L’intreccio è complesso e lineare al tempo stesso: i principali azionisti di Mps sono il Tesoro (11,7%), Delfin (9,9%) e Caltagirone (5%), in Mediobanca i pesi delle due famiglie sono ancor più rilevanti: il gruppo Del Vecchio è il primo azionista con il 19,81, e Caltagirone, oggi al 5,5%. Delfin e Caltagirone compaiono poi anche nell’azionariato delle Generali, ma Mediobanca detiene in proprio circa il 13% del gruppo assicurativo. Ora, se l’OPS lanciata da Mps su Mediobanca dovesse avere successo, vedrebbe Delfin come primo azionista del nuovo gruppo, Caltagirone potrebbe posizionarsi intorno all’8%, mentre il Tesoro vedrebbe ridotta la propria partecipazione sotto il 5%. Secondo queste stime i primi tre azionisti arriverebbero a detenere dunque il 29% del capitale: quanto basta per controllare direttamente il Leone triestino.

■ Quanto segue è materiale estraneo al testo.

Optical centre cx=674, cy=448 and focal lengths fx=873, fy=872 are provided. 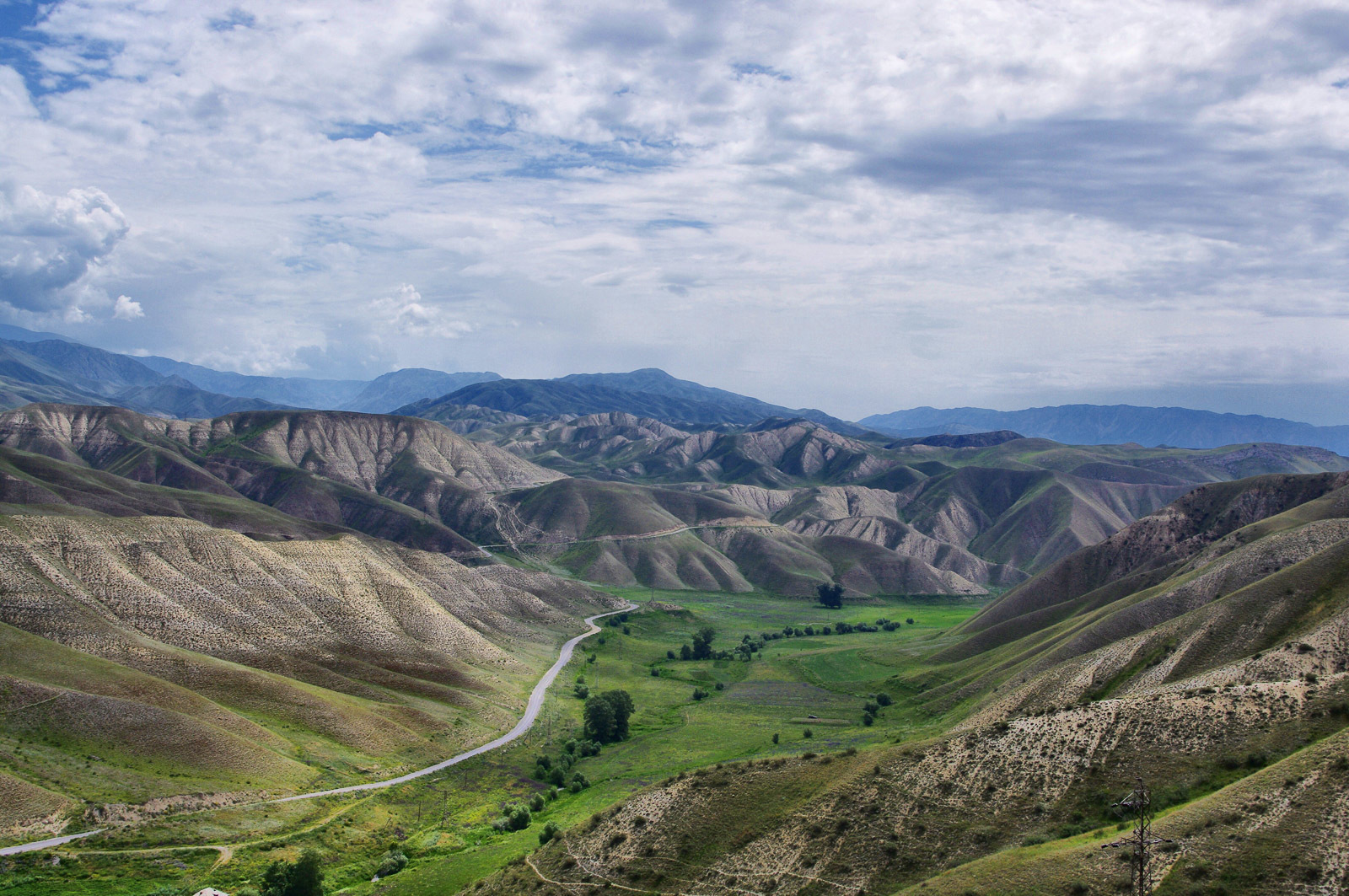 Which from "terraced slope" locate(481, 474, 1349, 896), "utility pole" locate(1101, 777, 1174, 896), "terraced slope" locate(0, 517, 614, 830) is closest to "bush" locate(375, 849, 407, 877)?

Il ‘flusso di cassa’ di Generali, continuo e costante: 300 milioni l’anno circa a Piazzetta Cuccia, è certo uno dei fattori dell’operazione, ma la Compagnia ha un valore che va al di là del mero conto economico essendo uno dei gruppi assicurativi più importanti d’Europa. Lo sa bene il governo che Mps l’ha salvato e rifinanziato con un’ultima iniezione di 2,5 miliardi di euro a fine 2022. Risorse senza le quali ora il Monte, pur risanato, non avrebbe potuto tentare questa mossa. Semmai stupisce che l’iniezione di capitale di quelle dimensioni abbia generato un capitale libero da 2 miliardi, come ha dichiarato l’ad del Monte Luigi Lomaglio (ex ad del Credito valtellinese), per un’offerta pubblica di scambio sul capitale di Mediobanca valutato 13,3 miliardi.
L’offerta, che Lovaglio definisce “amichevole”, viene valutata come convincente dal governo. È letta invece come “ostile” da Piazzetta Cuccia, che riunirà il cda la prossima settimana per bocciarla e studiare le difese. Alla benedizione di FdI e della Lega, e alle caute aperture di FI, fanno da contraltare invece le richieste di chiarimenti delle opposizioni a Giorgetti, a cui già nel 2022 Lovaglio aveva prospettato l’integrazione e alla cui azione il Tesoro non ha posto “alcun limite”.
Intanto la Borsa ha dato una sua prima valutazione: Mps perde il -6,9% a 6,49 euro mentre Mediobanca prende il volo mettendo a segno un +7,7% a 16,47 euro azzerando il premio del 5% offerto in mattinata da Mps in uno sconto del 9,3% la sera. Diversi analisti (Morgan Stanley, Kwb, Equita, Jefferies, Ig) hanno sollevato dubbi sulle sinergie ed evidenziato rischi per i ricavi di Mediobanca, giudicando anche basso il prezzo dell’Opas. L’ad di Mediobanca, Alberto Nagel, ha quindi come arma proprio le dimensioni finanziarie dell’avversario. L’Opas offre un prezzo che il mercato sta giudicando troppo esiguo e che potrebbe condizionare quindi gli azionisti nella scelta di aderire. Per rilanciare Siena dovrebbe quindi accrescere l’importo dell’aumento di capitale e chiedere nuovi fondi ai soci, al Tesoro in primis.